Após o estudo, foi produzido um relatório conhecido por Hammond Report. O Relatório Hammond propôs a construção de uma ponte sobre o Rio Zambeze em Mutarara, a 25 milhas acima de Chindio. O custo da Ponte sobre o Rio Zambeze foi estimado em £1.06 milhões, que veio a eliminar o uso de balsas, tendo aumentado o tráfego e rendimento de mercadorias, dando assim viabilidade para o retorno do capital investido na construção da ponte. Os rendimentos anuais pelo uso da ponte possibilitaram a criação de um fundo de para pagar os empréstimos contraídos para a construção da ponte. Refira-se que o custo final para a construção da Ponte Dona Ana sobre o Rio Zambeze foi de £ 1.74 milhões, muito acima do estimado e nunca chegou a gerar tráfego suficiente para pagar as taxas de juros, muito menos reembolsar os empréstimos levantados para a sua construção.


A ponte de 3,67 quilómetros de extensão sobre o Rio Zambeze, que mais tarde veio a chamar-se Dona Ana, era naquela época a maior ponte ferroviária de África, compreendendo 33 vãos de 80m e 7 vãos de 50m. A ponte foi construída pelos portugueses em 1934, durante o Governo de António de Oliveira Salazar (1932 - 1968), em pleno regime colonial português em Moçambique e durante a Segunda República em Portugal, instituído após o golpe de estado de 28 de Maio de 1926.

Referir que o Estado Novo foi o nome dado ao regime político autoritário, autocrata e corporativista de Estado instituído por António de Oliveira Salazar que vigorou em Portugal durante 41 anos, sem interrupção, desde a aprovação da Constituição de 1933 até ao seu derrube pela Revolução de 25 de Abril de 1974. A Ponte Dona Ana veio a ficar inoperacional na década de 1980, durante dos 16 anos que opôs o Governo moçambicano e a RENAMO.

Após a assinatura do Acordo Geral de Paz (AGP) em Roma, Itália, a 05 de Outubro de 1992 entre o Governo moçambicano e a RENAMO, que pôs termo à guerra dos 16 anos, a agência norte-americana de ajuda internacional (USAID) financiou a conversão da Ponte Dona Ana numa ponte rodoviária de faixa única para a travessia de viaturas.

Embora a ponte não esteja localizada numa rodovia principal, constituiu uma rota alternativa de travessia do Rio Zambeze.
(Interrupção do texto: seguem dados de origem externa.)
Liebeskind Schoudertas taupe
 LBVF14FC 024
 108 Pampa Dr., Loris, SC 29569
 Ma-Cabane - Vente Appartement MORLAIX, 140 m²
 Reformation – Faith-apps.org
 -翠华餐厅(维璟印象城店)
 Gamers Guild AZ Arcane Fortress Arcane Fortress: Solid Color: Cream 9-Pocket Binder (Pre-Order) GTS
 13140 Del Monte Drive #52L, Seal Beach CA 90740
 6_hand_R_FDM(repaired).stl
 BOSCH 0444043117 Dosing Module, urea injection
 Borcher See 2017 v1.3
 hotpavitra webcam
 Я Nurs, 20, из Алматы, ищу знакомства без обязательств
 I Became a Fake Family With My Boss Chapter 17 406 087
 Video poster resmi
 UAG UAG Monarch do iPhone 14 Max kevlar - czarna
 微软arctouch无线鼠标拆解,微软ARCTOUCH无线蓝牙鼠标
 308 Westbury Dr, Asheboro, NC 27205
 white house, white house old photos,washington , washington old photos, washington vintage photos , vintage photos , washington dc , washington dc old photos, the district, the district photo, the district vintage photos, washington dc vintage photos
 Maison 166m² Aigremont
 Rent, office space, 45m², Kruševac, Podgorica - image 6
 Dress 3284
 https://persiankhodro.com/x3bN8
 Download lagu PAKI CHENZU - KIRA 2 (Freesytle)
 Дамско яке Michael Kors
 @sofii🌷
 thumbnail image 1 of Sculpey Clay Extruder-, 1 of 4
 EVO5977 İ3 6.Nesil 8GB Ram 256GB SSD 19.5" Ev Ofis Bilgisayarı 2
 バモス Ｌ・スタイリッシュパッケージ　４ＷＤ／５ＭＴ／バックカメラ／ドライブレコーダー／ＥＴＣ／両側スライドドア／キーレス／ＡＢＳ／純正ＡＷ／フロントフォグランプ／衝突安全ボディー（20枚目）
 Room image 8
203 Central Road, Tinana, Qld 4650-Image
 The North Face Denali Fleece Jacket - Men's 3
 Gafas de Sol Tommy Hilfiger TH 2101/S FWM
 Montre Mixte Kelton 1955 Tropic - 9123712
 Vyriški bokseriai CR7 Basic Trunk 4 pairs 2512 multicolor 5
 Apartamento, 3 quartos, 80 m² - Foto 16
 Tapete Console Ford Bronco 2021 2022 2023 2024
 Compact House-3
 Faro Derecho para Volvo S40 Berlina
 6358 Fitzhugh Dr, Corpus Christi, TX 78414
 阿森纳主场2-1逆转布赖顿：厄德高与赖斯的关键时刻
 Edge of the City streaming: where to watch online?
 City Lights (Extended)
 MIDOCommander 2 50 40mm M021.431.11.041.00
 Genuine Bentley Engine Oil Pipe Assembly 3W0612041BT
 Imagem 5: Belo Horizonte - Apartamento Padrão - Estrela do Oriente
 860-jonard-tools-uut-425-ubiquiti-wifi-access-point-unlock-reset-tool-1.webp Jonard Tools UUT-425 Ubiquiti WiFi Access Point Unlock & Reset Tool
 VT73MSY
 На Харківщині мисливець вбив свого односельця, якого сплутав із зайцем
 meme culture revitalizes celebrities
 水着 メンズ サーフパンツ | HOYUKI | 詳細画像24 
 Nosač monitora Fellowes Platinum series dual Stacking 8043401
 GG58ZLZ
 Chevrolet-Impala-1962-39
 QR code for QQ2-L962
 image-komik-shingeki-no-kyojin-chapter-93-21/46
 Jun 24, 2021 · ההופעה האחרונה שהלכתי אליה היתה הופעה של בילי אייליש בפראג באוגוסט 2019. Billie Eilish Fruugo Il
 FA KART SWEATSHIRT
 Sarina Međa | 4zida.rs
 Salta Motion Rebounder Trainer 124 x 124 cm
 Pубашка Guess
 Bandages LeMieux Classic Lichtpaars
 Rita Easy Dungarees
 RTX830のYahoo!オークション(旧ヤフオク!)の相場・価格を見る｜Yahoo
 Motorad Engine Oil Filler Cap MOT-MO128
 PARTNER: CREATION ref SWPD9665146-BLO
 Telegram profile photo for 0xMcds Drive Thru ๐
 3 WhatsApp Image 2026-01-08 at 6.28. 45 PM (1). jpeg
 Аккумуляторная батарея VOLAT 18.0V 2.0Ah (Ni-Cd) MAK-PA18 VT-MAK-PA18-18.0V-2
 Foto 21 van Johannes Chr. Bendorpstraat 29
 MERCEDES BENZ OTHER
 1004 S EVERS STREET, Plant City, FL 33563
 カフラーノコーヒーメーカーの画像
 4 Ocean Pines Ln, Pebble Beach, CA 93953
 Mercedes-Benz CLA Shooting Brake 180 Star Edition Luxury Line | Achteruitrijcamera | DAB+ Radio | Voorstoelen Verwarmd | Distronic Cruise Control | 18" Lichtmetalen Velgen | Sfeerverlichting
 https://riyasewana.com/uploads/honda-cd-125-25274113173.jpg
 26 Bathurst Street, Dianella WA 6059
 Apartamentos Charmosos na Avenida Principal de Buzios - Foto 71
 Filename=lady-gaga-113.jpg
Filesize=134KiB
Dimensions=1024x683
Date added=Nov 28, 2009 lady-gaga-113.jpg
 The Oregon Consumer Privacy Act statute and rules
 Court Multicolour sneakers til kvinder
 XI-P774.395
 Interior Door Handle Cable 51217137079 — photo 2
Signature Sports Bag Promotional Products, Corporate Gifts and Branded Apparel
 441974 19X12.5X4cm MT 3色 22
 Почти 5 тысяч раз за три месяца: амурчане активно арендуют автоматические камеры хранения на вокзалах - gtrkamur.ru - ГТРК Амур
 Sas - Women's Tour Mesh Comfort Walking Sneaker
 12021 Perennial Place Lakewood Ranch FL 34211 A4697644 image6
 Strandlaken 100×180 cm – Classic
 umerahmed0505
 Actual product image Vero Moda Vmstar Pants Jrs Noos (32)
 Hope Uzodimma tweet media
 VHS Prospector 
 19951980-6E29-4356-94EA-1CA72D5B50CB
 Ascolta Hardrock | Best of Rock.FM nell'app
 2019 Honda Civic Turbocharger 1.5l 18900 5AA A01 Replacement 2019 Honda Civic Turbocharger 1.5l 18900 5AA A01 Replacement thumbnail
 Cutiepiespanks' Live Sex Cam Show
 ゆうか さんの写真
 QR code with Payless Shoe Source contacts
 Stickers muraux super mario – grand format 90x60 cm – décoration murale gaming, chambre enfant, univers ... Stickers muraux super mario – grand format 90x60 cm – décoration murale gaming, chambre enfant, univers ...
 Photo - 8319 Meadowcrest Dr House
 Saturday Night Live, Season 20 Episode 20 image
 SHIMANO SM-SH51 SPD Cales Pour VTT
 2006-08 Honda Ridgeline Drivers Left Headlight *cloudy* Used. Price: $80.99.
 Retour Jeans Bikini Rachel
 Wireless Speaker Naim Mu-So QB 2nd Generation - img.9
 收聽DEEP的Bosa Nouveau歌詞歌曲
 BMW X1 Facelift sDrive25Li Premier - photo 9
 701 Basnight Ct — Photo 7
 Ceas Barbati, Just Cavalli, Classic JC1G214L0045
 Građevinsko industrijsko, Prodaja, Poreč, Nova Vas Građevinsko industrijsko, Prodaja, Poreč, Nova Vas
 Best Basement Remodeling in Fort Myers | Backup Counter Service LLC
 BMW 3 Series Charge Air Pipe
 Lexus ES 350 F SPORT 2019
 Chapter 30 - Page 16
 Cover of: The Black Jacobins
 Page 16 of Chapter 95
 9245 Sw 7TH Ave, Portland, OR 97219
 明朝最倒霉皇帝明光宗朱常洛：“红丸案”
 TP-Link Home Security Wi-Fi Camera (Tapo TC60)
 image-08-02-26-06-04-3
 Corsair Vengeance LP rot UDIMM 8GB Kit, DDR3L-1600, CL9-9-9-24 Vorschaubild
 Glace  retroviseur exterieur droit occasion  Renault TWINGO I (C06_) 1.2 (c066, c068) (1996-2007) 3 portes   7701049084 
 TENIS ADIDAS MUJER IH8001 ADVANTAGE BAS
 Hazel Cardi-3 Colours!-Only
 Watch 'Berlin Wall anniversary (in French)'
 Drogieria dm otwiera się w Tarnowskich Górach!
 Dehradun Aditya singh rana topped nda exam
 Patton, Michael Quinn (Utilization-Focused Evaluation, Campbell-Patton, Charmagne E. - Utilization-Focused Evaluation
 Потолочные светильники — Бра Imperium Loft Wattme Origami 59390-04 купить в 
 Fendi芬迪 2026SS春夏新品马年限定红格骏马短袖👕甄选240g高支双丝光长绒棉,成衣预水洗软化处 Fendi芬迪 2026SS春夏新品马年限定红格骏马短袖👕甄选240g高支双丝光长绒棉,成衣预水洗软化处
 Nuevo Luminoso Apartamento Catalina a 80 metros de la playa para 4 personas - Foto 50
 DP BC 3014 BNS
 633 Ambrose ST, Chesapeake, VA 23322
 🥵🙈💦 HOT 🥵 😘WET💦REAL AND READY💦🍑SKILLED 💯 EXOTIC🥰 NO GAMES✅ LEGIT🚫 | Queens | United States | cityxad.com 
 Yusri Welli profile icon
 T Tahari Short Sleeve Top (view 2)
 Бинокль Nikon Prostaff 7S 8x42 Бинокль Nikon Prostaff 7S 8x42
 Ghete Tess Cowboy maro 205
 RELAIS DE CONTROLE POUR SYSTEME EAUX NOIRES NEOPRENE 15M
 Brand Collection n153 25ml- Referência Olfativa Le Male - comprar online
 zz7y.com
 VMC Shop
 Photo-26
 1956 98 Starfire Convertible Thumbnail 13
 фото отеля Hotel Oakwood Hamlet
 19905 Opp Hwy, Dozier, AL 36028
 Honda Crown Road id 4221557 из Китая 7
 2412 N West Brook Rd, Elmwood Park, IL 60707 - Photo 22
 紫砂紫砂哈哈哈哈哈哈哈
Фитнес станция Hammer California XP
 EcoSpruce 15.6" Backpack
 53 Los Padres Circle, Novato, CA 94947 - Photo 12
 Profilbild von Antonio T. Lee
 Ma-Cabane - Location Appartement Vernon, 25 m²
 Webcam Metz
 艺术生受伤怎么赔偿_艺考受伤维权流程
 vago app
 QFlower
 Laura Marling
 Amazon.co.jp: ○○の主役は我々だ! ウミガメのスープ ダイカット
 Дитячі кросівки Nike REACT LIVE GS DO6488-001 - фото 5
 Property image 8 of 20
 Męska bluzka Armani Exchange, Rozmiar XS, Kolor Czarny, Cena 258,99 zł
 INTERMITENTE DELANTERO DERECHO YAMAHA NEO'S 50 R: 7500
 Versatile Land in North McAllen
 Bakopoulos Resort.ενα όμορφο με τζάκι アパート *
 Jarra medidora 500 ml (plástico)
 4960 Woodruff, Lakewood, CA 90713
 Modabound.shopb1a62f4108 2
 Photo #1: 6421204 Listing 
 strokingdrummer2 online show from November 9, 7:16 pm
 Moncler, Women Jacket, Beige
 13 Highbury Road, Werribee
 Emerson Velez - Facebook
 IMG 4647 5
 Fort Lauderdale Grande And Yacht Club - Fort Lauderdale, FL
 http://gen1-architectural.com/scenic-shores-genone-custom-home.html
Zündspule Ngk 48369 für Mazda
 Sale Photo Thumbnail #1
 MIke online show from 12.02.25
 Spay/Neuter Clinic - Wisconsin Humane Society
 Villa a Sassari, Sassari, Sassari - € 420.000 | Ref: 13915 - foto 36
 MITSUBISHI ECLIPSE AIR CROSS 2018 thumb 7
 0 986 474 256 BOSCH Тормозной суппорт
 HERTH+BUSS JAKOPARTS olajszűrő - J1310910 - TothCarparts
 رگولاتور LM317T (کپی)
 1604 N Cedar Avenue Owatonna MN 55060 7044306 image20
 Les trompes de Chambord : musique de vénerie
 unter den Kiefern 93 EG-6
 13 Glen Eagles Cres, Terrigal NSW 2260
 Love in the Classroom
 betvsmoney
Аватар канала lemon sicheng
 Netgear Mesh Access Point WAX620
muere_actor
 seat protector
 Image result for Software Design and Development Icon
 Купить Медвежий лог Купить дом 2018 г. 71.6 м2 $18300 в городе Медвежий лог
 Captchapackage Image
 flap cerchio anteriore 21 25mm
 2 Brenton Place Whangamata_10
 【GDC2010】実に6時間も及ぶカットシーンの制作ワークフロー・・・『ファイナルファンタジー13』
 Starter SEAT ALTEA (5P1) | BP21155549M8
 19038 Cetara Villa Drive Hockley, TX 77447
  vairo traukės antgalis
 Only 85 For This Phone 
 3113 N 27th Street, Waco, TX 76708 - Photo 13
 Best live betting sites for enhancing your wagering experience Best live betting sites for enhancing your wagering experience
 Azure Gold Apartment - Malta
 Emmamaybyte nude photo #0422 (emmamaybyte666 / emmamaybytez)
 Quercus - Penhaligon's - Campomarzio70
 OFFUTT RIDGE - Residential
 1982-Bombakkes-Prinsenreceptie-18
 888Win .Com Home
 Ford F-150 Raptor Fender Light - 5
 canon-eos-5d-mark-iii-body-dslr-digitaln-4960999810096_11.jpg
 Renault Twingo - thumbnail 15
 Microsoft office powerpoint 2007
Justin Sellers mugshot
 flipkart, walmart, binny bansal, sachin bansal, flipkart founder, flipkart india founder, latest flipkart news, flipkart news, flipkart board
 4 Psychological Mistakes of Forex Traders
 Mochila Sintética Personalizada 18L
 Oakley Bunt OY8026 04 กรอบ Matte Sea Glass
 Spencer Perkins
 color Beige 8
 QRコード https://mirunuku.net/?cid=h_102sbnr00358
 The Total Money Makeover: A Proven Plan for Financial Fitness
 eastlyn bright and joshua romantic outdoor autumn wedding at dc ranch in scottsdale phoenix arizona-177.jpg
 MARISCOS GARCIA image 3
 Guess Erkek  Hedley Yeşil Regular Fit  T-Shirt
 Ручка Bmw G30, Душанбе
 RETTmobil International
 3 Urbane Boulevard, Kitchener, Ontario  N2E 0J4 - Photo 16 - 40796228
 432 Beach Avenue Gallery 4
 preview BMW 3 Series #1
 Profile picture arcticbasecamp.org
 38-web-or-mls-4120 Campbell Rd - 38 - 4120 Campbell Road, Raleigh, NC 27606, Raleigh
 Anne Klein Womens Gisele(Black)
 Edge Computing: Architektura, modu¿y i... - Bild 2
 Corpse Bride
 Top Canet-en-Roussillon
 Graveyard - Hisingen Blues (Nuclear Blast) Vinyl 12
As outras duas opções foram a Ponte Samora Machel na Cidade de Tete e a travessia por ferryboat na Estrada Nacional Número 1 (EN1) entre Caia na Província de Sofala e Chimwara na Província da Zambézia, que nem sempre foi fiável, onde veio a ser construída a Ponte Armando Emílio Guebuza em 2009. Até então, a Ponte Dona Ana era a maior e última ponte a jusante do Rio Zambeze, e foi completamente fechada ao tráfego de veículos em Outubro de 2006 para a sua reabilitação e reconversão para de novo voltar a ser uma ponte ferroviária, tendo sido reaberta ao tráfego ferroviário em 2009.